Lo sabe bien el diputado Marín, allá
por el año 2000, a quien un fanático rojo le encajó una barra de hierro en
pleno rostro y le fracturó la mandíbula. Y, más recientemente, lo sabe Julio
Borges, golpeado en plena sesión por un diputado rojo, bruto y camorrero que le
fracturó los pómulos, y María Corina Machado, que en la misma sesión terminó
igualmente golpeada, arrastrada por el piso y con fractura en la nariz.
Y ahora, luego de la sesión del 29 de
julio, lo sabe muy bien Richard Mardo, diputado por el estado Aragua, a quien
–en una evidente y flagrante violación de las leyes de la República– le fue
despojada su inmunidad parlamentaria a través de una delictiva operación
comandada por el teniente coronel Diosdado Cabello, presidente de la Asamblea
Nacional, preparando el camino para encarcelarlo a través de un juicio que no
ha empezado, pero ya sentenció: ¡culpable!
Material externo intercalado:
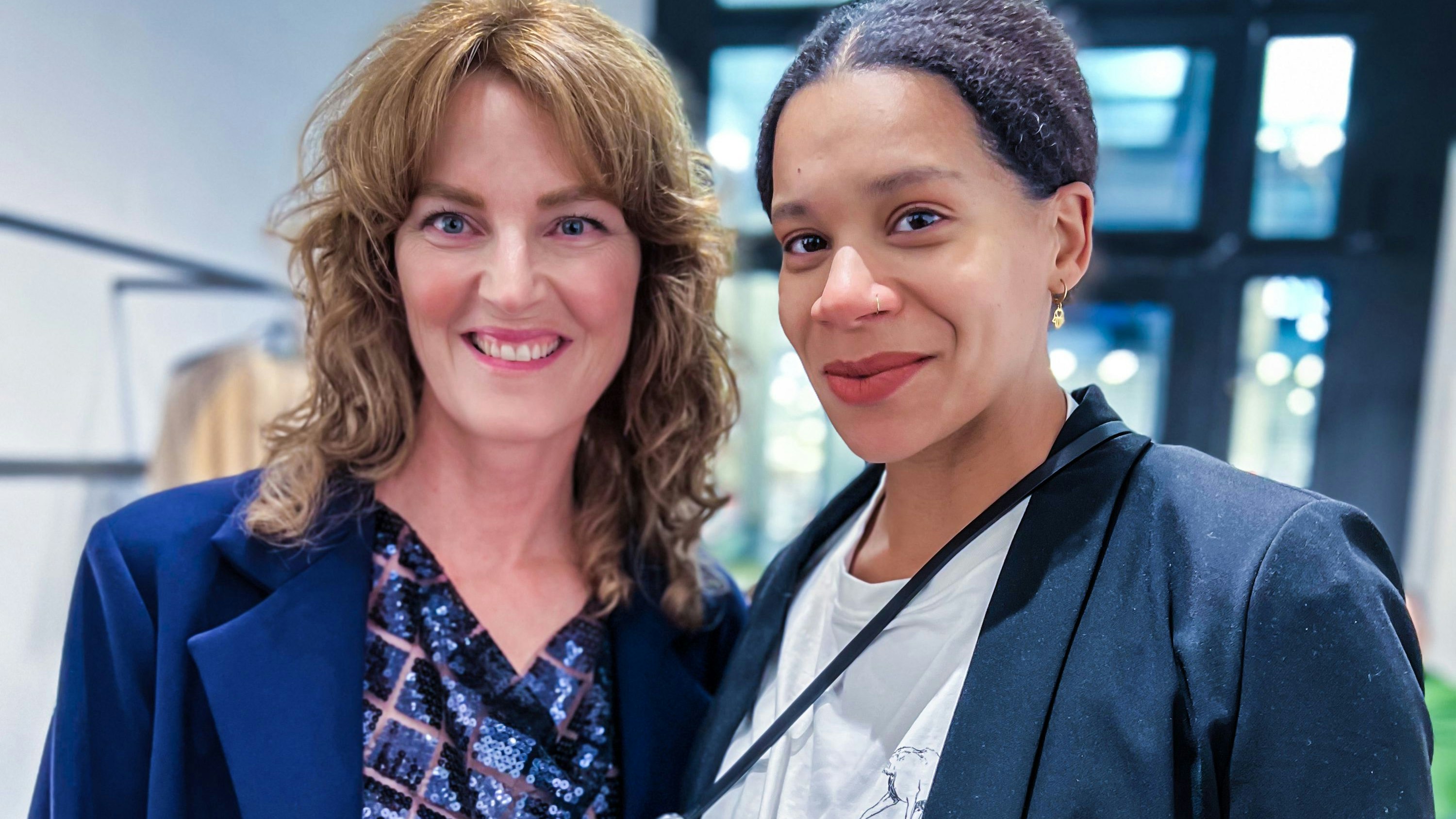 Schön schwanger: Rebecca Horner zu Besuch bei Designerin Michel Mayer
Desde que comenzó su gestión en 1999,
la Asamblea Nacional, con mayoría roja, ha sido una institución absolutamente
distanciada de las funciones y los principios que las leyes le asignan al Poder
Legislativo como corazón de la democracia y representación efectiva de la
diversidad de opciones que actúan políticamente en un país. Fue convertida en
un aparato sin autonomía condenado explícitamente a cumplir las órdenes y los
deseos de Chacumbele, como premonitoriamente llamaba Teodoro Petkoff, al
presidente que se fue.
La Asamblea Nacional abandonó abiertamente
sus funciones de vigilancia del Poder Ejecutivo, y sólo en ocasiones extremas
–más como simulacro que como verdadero acto de control–, un ministro u otra
alta autoridad gubernamental ha sido interpelada e investigada como se estila
de forma cotidiana en las democracias. Y tan grande ha sido la perversión
autoritaria que, en un acto de evidente mala conciencia, sus autoridades
decidieron que a sus sesiones ordinarias sólo pueden acceder los periodistas y
las cámaras de los medios gubernamentales.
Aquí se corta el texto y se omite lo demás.